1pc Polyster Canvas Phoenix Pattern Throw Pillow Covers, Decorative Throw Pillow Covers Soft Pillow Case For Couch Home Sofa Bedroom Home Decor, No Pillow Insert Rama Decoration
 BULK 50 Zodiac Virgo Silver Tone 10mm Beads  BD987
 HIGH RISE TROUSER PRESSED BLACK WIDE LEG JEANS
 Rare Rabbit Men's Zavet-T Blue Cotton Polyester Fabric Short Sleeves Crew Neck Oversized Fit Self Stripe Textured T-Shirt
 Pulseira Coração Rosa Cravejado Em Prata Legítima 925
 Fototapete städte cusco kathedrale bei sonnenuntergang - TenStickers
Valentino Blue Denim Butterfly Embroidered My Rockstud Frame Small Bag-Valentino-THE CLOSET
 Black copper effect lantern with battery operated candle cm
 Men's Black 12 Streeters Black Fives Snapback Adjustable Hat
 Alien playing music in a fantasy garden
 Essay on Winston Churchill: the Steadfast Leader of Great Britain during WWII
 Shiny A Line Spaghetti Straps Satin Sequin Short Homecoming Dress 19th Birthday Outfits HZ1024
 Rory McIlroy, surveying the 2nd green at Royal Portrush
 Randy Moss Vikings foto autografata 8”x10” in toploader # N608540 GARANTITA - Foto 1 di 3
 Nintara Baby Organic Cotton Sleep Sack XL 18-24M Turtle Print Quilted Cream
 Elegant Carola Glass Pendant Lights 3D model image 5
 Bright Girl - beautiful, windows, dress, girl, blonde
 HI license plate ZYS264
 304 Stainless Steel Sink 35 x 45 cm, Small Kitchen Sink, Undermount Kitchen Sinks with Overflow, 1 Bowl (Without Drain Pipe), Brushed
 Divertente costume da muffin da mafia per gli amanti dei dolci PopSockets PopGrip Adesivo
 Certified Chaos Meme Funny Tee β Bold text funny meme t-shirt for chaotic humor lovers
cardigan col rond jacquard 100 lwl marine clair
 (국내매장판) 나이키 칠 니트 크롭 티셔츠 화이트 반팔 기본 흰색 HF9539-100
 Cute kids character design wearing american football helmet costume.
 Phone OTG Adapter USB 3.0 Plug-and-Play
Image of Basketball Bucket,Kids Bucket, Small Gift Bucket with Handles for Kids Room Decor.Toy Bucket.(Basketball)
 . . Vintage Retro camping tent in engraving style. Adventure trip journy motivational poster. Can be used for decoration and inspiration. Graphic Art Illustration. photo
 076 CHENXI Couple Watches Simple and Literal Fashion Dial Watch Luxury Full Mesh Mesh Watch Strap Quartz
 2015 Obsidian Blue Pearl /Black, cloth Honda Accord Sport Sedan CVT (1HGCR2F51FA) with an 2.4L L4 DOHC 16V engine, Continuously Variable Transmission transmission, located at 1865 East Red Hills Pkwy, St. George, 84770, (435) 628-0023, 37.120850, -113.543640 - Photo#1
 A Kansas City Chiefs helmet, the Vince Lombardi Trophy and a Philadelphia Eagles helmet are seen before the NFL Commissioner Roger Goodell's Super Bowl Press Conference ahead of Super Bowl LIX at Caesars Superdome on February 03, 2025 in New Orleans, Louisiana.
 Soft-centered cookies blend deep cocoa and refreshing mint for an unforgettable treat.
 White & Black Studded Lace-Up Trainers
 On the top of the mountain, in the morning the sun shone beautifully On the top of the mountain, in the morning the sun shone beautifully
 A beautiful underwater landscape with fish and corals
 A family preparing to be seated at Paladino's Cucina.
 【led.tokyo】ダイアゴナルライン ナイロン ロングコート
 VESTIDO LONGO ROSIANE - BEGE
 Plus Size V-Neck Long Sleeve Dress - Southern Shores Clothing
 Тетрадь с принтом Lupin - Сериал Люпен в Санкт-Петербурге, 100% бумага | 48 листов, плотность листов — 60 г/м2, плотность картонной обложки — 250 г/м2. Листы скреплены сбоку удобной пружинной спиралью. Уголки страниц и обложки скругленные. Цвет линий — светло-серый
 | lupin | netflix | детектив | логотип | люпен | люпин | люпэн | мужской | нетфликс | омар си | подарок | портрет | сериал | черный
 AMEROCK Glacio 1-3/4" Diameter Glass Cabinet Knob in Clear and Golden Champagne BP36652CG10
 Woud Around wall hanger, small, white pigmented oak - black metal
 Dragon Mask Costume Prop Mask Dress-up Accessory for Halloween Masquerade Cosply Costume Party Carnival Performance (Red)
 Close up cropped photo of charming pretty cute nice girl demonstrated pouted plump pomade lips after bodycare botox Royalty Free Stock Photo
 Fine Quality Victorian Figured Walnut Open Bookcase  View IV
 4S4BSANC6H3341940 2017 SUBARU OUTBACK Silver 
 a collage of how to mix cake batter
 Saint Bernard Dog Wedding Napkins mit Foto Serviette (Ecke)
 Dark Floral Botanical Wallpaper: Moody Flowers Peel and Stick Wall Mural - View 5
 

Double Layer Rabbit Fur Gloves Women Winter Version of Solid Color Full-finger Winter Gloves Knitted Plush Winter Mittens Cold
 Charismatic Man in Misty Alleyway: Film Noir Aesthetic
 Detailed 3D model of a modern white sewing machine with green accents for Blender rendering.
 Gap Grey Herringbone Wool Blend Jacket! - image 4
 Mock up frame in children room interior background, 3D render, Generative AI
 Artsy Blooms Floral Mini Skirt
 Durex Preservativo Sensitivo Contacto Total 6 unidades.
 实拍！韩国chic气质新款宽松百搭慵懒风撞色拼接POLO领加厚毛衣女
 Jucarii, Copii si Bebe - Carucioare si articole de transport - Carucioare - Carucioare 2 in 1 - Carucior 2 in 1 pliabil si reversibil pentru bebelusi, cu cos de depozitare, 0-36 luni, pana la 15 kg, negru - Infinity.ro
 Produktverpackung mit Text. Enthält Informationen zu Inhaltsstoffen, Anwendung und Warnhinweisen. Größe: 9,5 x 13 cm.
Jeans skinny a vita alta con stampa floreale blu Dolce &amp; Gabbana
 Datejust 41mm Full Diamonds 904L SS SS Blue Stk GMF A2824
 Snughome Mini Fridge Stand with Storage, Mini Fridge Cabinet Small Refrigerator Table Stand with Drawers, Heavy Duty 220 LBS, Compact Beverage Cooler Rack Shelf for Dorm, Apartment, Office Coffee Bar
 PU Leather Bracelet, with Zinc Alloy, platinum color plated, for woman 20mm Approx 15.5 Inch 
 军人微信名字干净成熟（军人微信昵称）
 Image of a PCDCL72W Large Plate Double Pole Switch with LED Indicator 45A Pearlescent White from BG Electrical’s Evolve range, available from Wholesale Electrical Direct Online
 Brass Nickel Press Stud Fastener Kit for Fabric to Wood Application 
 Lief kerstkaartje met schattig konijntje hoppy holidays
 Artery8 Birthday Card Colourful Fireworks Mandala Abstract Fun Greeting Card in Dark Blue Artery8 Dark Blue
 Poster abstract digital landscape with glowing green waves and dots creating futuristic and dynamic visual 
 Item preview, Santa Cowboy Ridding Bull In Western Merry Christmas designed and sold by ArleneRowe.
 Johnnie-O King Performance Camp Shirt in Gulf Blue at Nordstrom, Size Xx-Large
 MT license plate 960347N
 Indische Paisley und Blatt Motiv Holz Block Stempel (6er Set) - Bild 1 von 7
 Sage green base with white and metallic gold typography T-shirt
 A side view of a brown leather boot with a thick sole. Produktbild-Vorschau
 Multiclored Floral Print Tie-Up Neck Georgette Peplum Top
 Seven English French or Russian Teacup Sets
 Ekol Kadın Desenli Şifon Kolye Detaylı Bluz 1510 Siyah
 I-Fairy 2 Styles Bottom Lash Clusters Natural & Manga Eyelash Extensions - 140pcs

**The task**
Transcribe each line of the data above, unaltered, from the one where "(국내매장판) 나이키 칠" appears to the one where "Image of Basketball" appears, inclusive of both.

**Worked solution**
 (국내매장판) 나이키 칠 니트 크롭 티셔츠 화이트 반팔 기본 흰색 HF9539-100
 Cute kids character design wearing american football helmet costume.
 Phone OTG Adapter USB 3.0 Plug-and-Play
Image of Basketball Bucket,Kids Bucket, Small Gift Bucket with Handles for Kids Room Decor.Toy Bucket.(Basketball)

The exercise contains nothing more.